La histórica cumbre del Vaticano convocada por el Papa Francisco para luchar contra la pederastia y los abusos infantiles en la Iglesia Católica ha acabado con frases altisonantes y compungidas pero con muy pocas medidas efectivas, una solución que era previsible y que ha generado críticas en muchos sectores, especialmente entre las víctimas. La reunión de 190 representantes de la jerarquía, entre ellos los presidentes de las Conferencias Episcopales, generó un gran revuelo porque era la primera vez que la Iglesia se conjuraba de manera colegial contra una lacra que afecta profundamente a la credibilidad de la institución.

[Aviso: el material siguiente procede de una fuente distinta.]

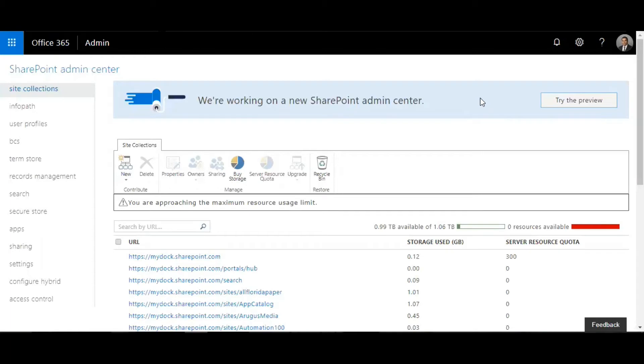Good morning everyone, welcome to this edition of talk training web series. Today I'll be explaining the difference between global administrator as well as the service or SharePoint administrator.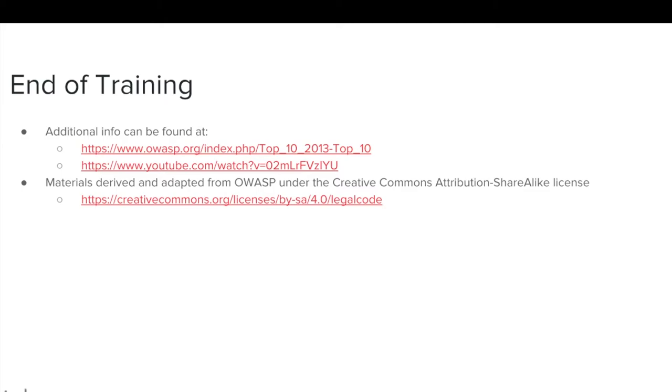Materials for this module have been derived and adapted from OWASP under the Creative Commons Attribution Sharealike License, which can be viewed at the link listed on this slide.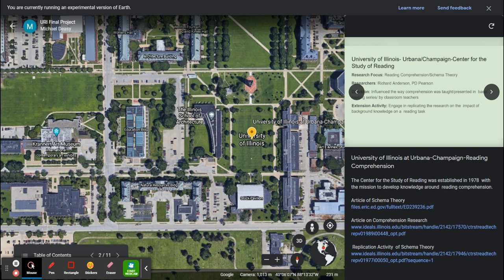Each site has an overview slide describing the literacy research focus of the center and some of the ways the research has diffused outward, influencing reading and literacy instruction. The site links viewers to articles and provides a replication activity where the viewer can engage with the center's research by replicating the original research.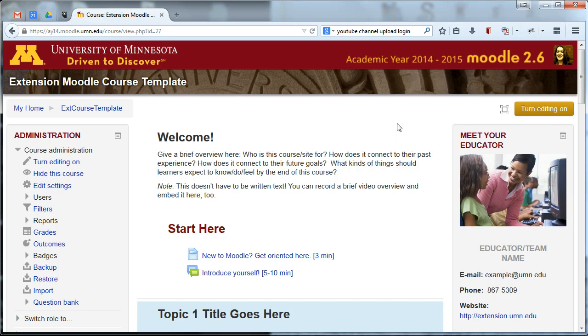Hi, University of Minnesota Extension. This is Allison and I'm going to show you quickly how to add the Extension Moodle theme to your Moodle course sites. This is something you're going to want to check on every one of your Moodle sites, just to make sure that you have the Extension theme applied to your site.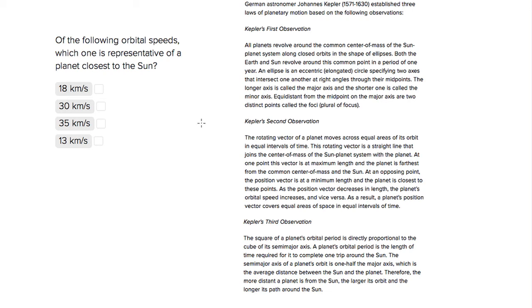This is Sophie Heller, and this is an ACT Science question. The question is asking us, which of the following orbital speeds is representative of a planet closest to the sun?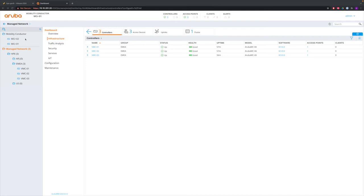Our whole network can be seen from the mobility conductor, so we have a web session to the mobility conductor only. You see the mobility conductor here on the left hand side. Number one is the active one, number two is the standby one. Below that we have the managed network with the folders created in previous videos and the three virtual mobility controllers: VMC 1, 2 and 3, configured in a controller cluster.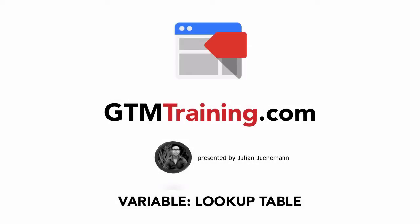Hi there and welcome to another video of gtmtraining.com with me Julian. Today we want to talk about the variable lookup table within Google Tag Manager.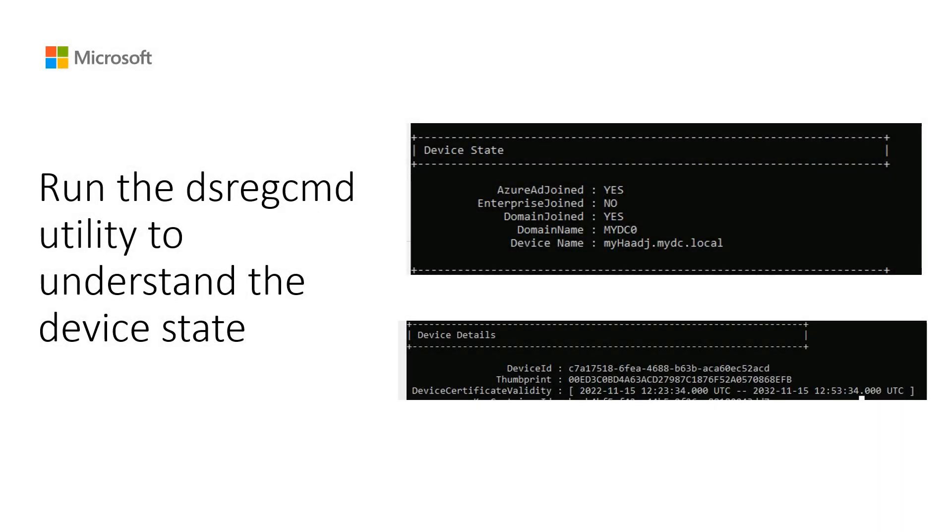As a next step, look at the output from the dsregcmd command to understand the state of the devices in Azure Active Directory. The dsregcmd utility must be run on the device you are investigating as a domain user account.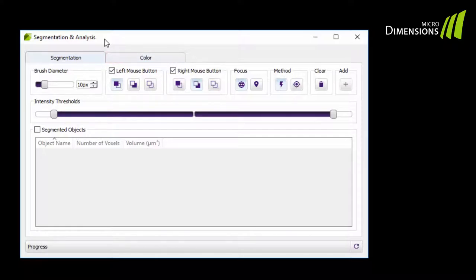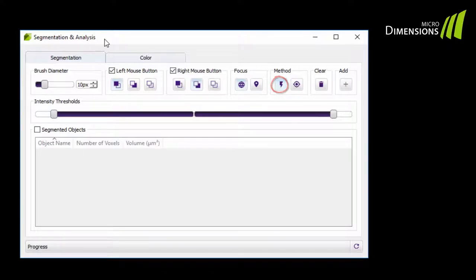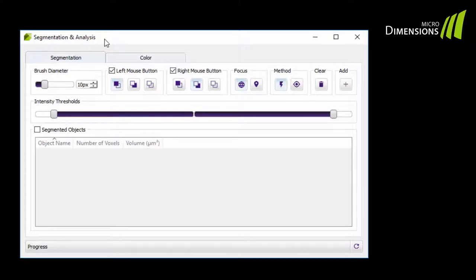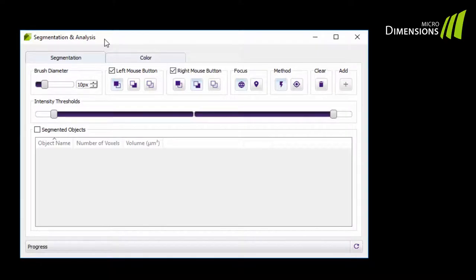Volume offers two different segmentation methods. You can choose between Fast and Accurate segmentation. The Fast segmentation will deliver good results in most cases. The Accurate segmentation is slower but will deliver more accurate results in difficult segmentations. I will show you an example of both methods now.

La celebración del encuentro pontificio venía acompañada de un enorme despliegue mediático y de la presencia, en las sesiones y fuera del marco vaticano, de numerosos testimonios de unas prácticas execrables, repetidas en todo el mundo y la mayoría de las veces silenciadas por la propia Iglesia. Al empezar la cumbre, el Papa Francisco anunció solemnemente que «no se espera de nosotros simples y obvias condenas sino todas las medidas concretas y eficaces que se requieran». Al mismo tiempo, sin embargo, también advirtió sobre la generación de excesivas expectativas.

Finalmente, la cumbre habrá servido para «transformar el mal en oportunidad de purificación», como dijo el Pontífice en su discurso de clausura. Es decir, una especie de ejercicio espiritual de contrición pero sin más resoluciones que vagas referencias a futuros decretos o instrucciones a las diócesis.

Los prelados más activos contra la pederastia y el encubrimiento abogaban por la rendición de cuentas, por abolir el secreto pontificio, los juicios opacos y las normas procesales que dejan indefensas a las víctimas, por acabar con el abuso de poder, por una tolerancia cero y por obligar a los obispos a denunciar los casos a la justicia ordinaria. Como dijo el arzobispo Coleridge, de Brisbane, «las víctimas tienen que estar en el centro de la Iglesia y no al revés».

No ha sido así. Más allá del anuncio de unas directrices a concretar, del acompañamiento a las personas y de críticas genéricas a un pecado universal, instigado por el diablo, o de proclamas contra la pornografía y el turismo sexual, el resumen de la cumbre se cifra en un vago «cambio de mentalidad». Del todo insuficiente ante el océano de casos en los que se ve envuelta la Iglesia.